- [WORK TASK]
The whole listing below must be printed again exactly, images excluded.

- [PROVIDED DATA]
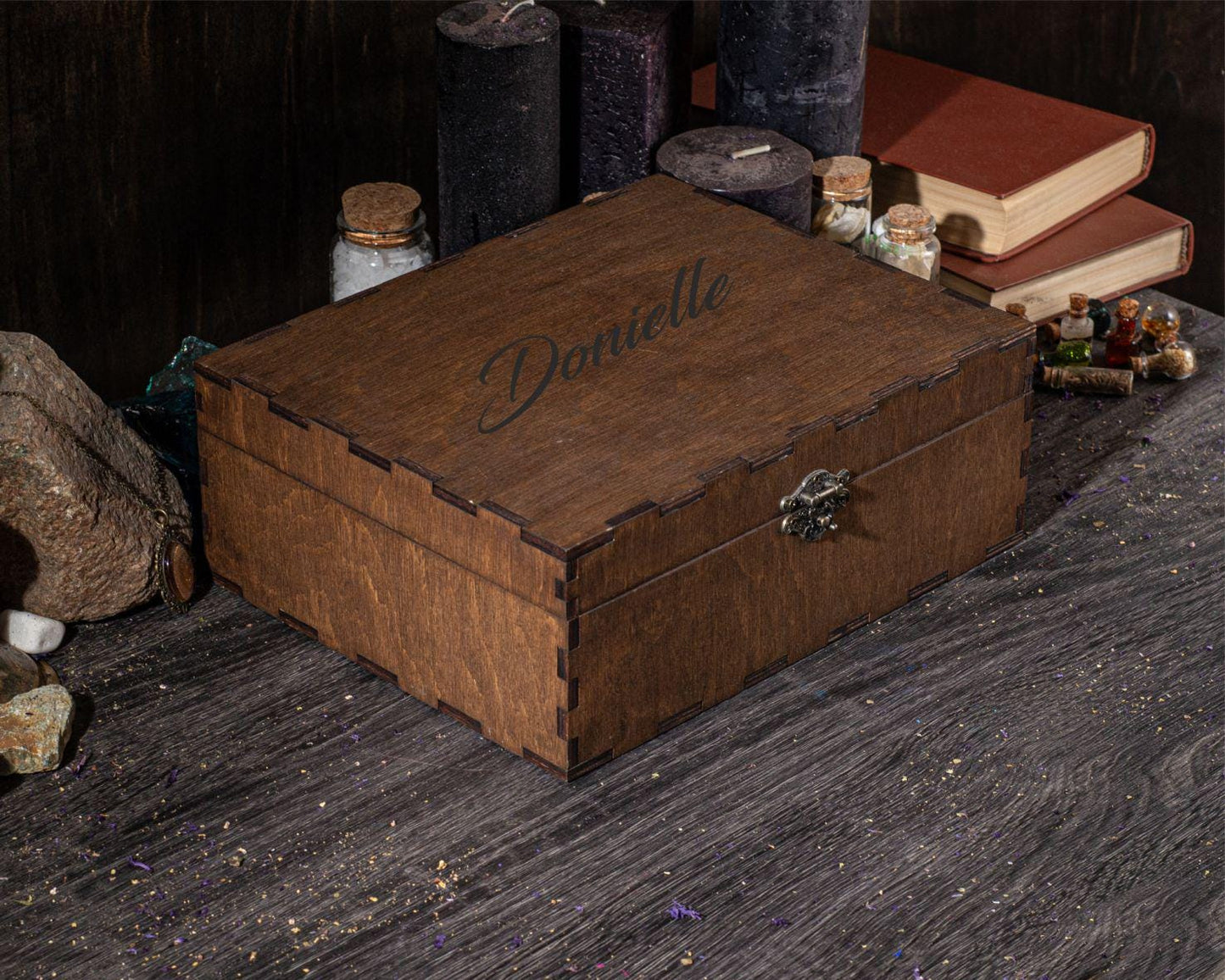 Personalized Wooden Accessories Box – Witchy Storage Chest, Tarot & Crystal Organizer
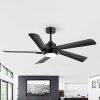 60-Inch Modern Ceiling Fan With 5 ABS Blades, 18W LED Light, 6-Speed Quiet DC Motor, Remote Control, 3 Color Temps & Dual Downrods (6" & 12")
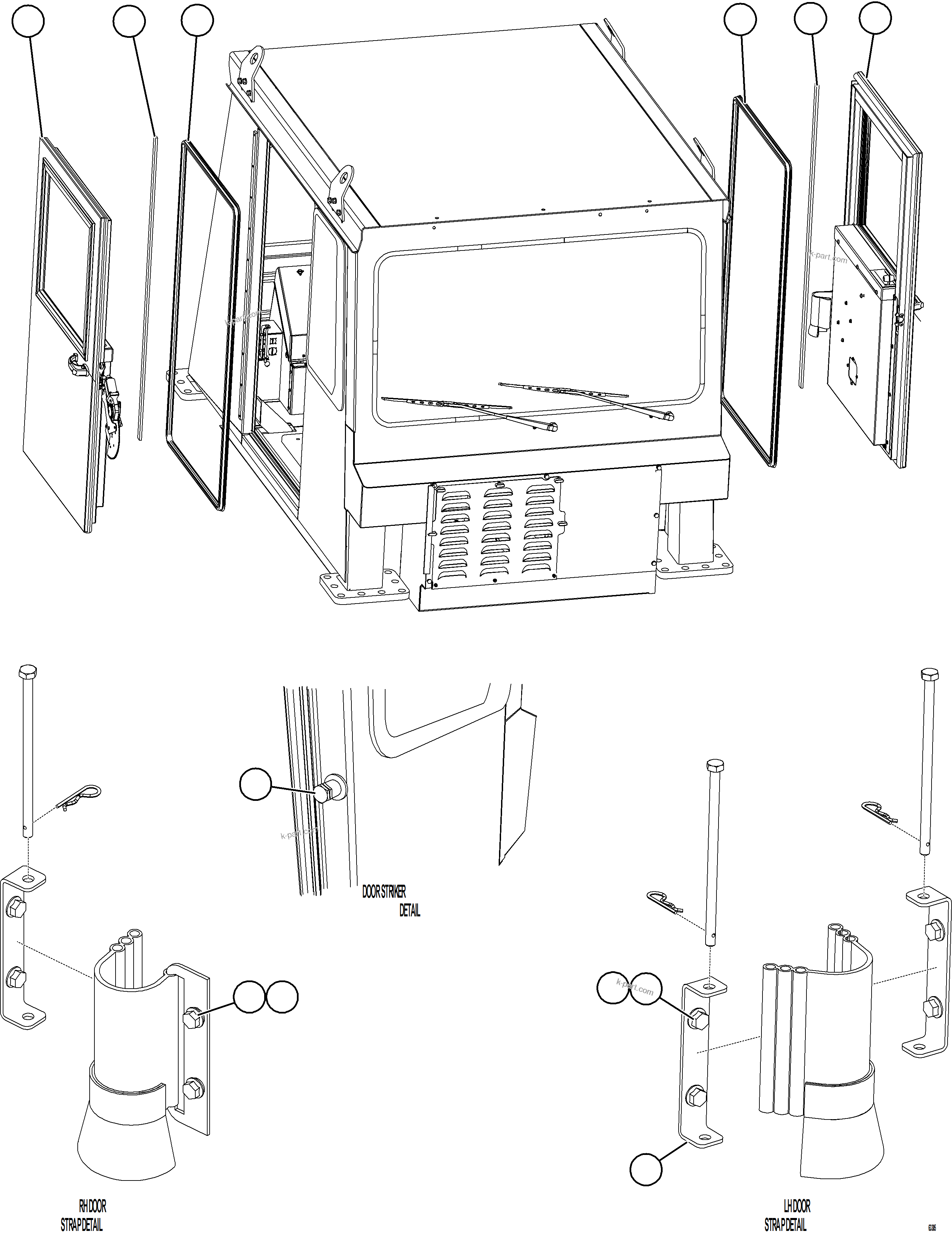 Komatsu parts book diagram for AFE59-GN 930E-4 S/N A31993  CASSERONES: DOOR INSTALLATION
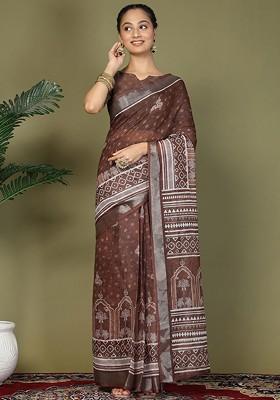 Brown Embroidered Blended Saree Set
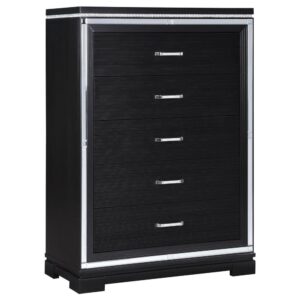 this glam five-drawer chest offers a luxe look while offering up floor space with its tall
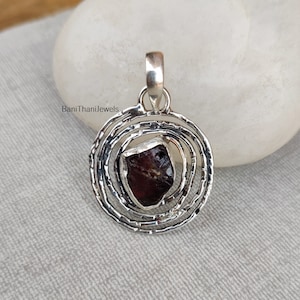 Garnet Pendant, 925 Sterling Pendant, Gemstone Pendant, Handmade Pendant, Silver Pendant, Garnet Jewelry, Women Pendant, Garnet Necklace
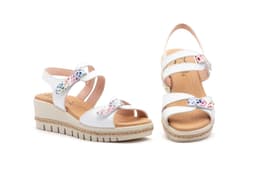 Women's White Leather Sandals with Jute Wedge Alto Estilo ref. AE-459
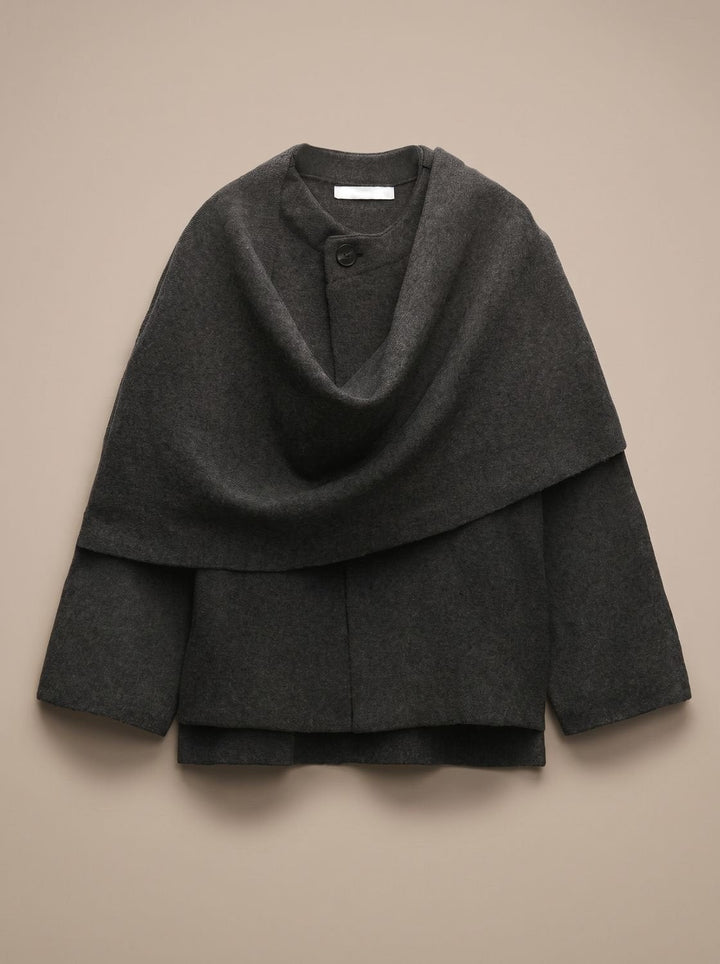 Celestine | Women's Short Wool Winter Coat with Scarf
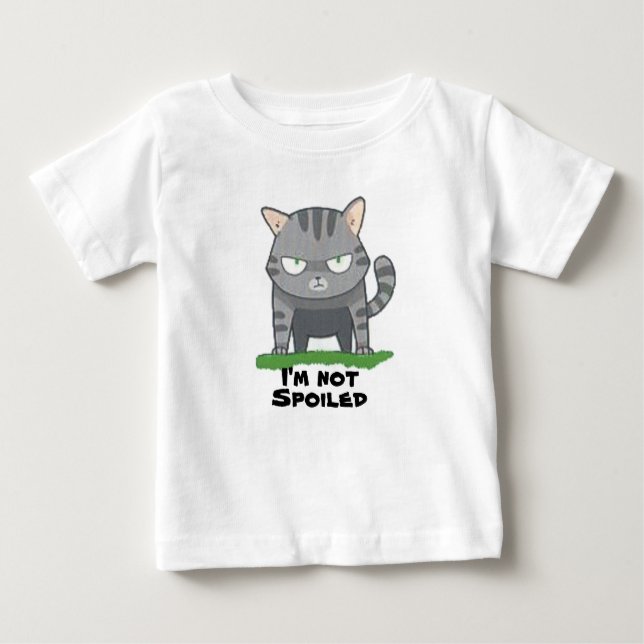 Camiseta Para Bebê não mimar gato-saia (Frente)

- [EXERCISE SOLUTION]
 Personalized Wooden Accessories Box – Witchy Storage Chest, Tarot & Crystal Organizer
 60-Inch Modern Ceiling Fan With 5 ABS Blades, 18W LED Light, 6-Speed Quiet DC Motor, Remote Control, 3 Color Temps & Dual Downrods (6" & 12")
 Komatsu parts book diagram for AFE59-GN 930E-4 S/N A31993  CASSERONES: DOOR INSTALLATION
 Brown Embroidered Blended Saree Set
 this glam five-drawer chest offers a luxe look while offering up floor space with its tall
 Garnet Pendant, 925 Sterling Pendant, Gemstone Pendant, Handmade Pendant, Silver Pendant, Garnet Jewelry, Women Pendant, Garnet Necklace
 Women's White Leather Sandals with Jute Wedge Alto Estilo ref. AE-459
 Celestine | Women's Short Wool Winter Coat with Scarf
 Camiseta Para Bebê não mimar gato-saia (Frente)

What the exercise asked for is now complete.